Problem to work on = Your answer must be an exact copy of the listing, with the images left out.

Data shown =
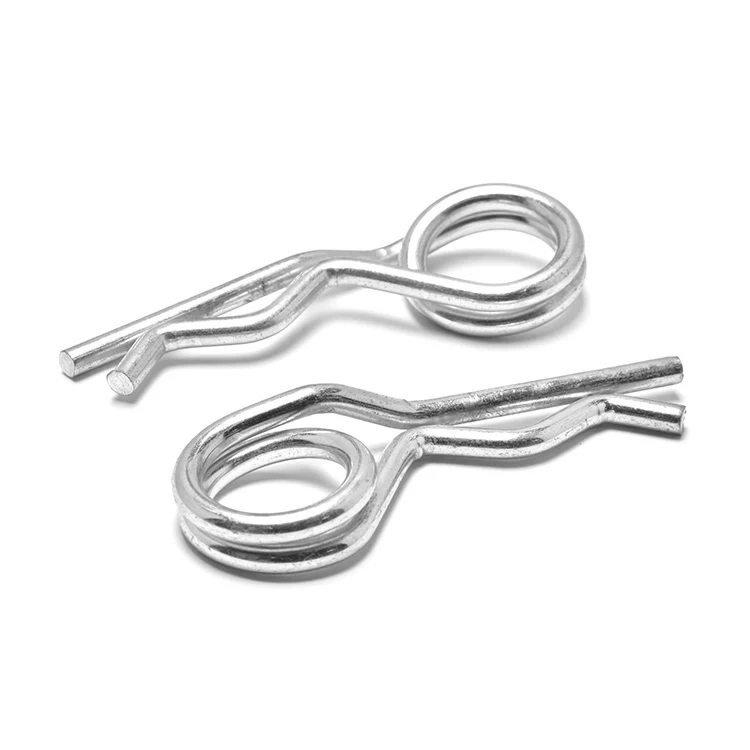 DIN 11024 Heavy Type Stainless Steel  Carbon Steel Customized Size Spring Cotter Pin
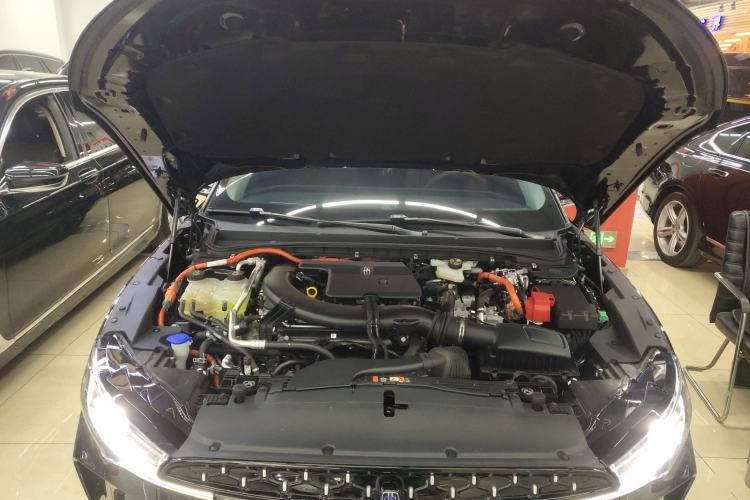 Used Lincoln Z 2024 2.0T Two-Wheel Drive Luxury Hybrid Version Engine Bay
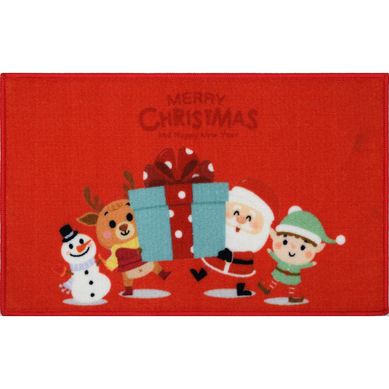 Limpiapis Regalo Navidad 44x76 cm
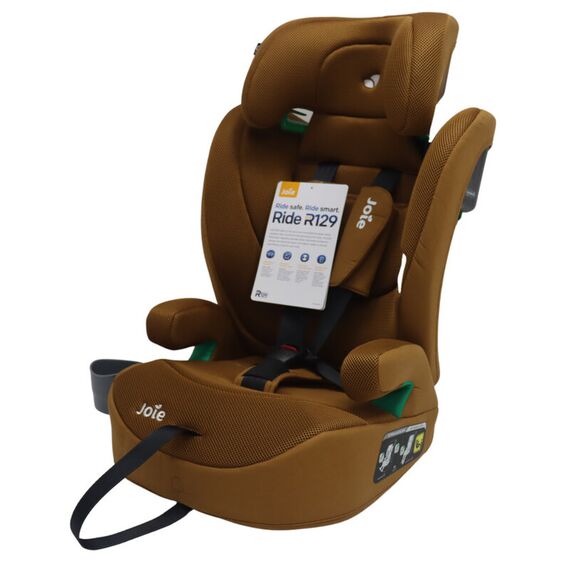 Joie - Scaun auto Elevate R129 Yellow, 76-150 cm, certificat R129, Culoare: Maro, Grupa: 9-36kg (9 luni - 12 ani) - poza 2 - ExclusivMAG.ro
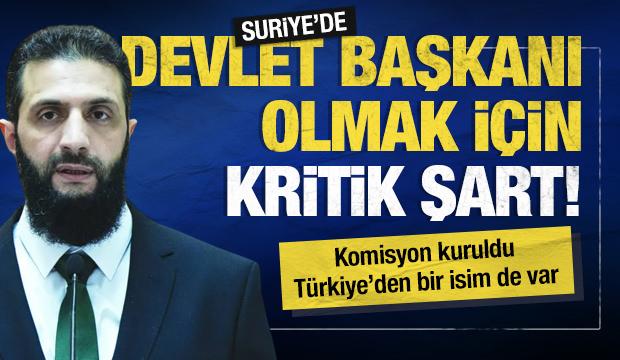 Suriye'de devlet başkanına Müslüman olma şartı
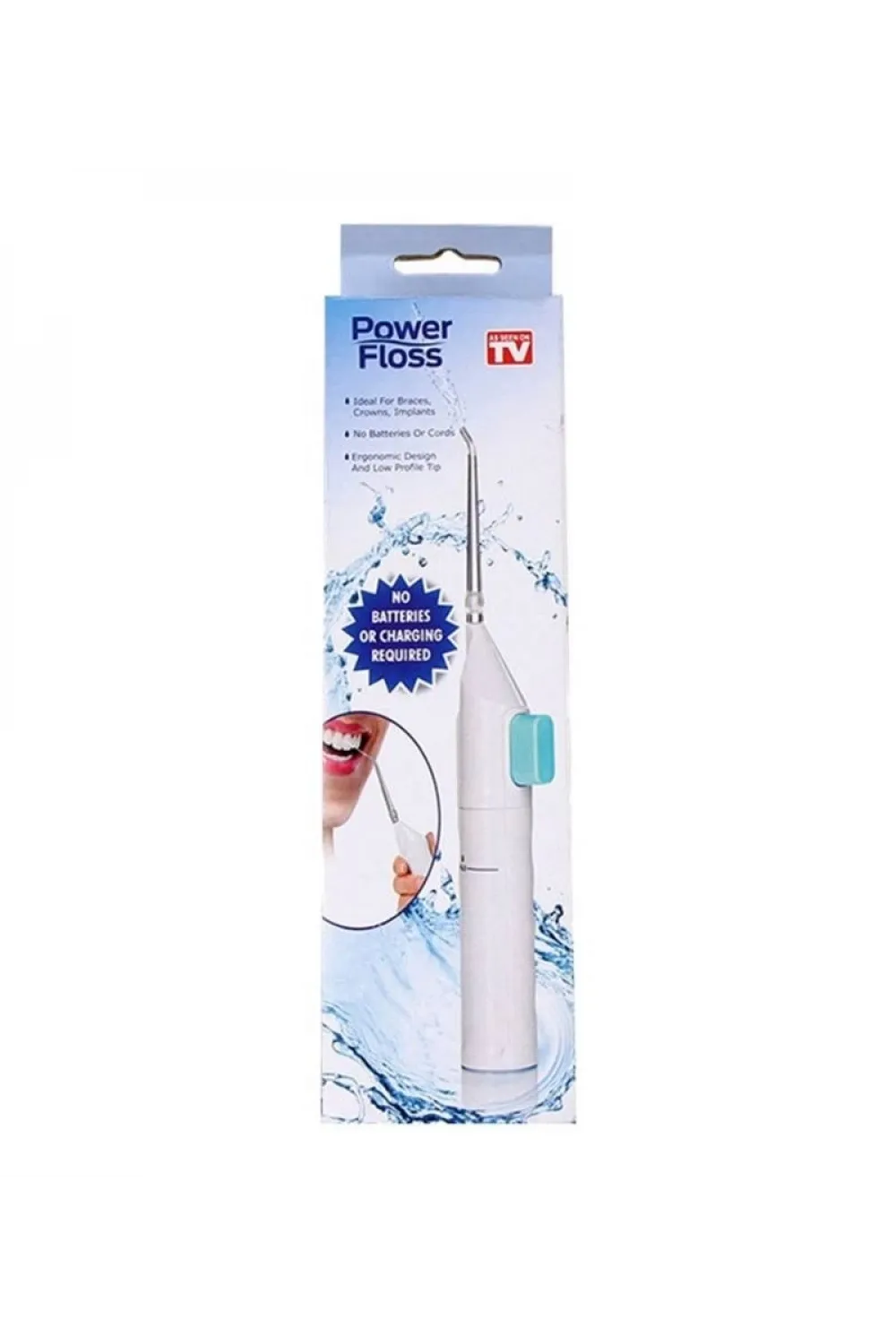 Power Floss Mekanik Diş Ve Ağız Temizleme Aleti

Task answer =
 DIN 11024 Heavy Type Stainless Steel  Carbon Steel Customized Size Spring Cotter Pin
 Used Lincoln Z 2024 2.0T Two-Wheel Drive Luxury Hybrid Version Engine Bay
 Limpiapis Regalo Navidad 44x76 cm
 Joie - Scaun auto Elevate R129 Yellow, 76-150 cm, certificat R129, Culoare: Maro, Grupa: 9-36kg (9 luni - 12 ani) - poza 2 - ExclusivMAG.ro
 Suriye'de devlet başkanına Müslüman olma şartı
 Power Floss Mekanik Diş Ve Ağız Temizleme Aleti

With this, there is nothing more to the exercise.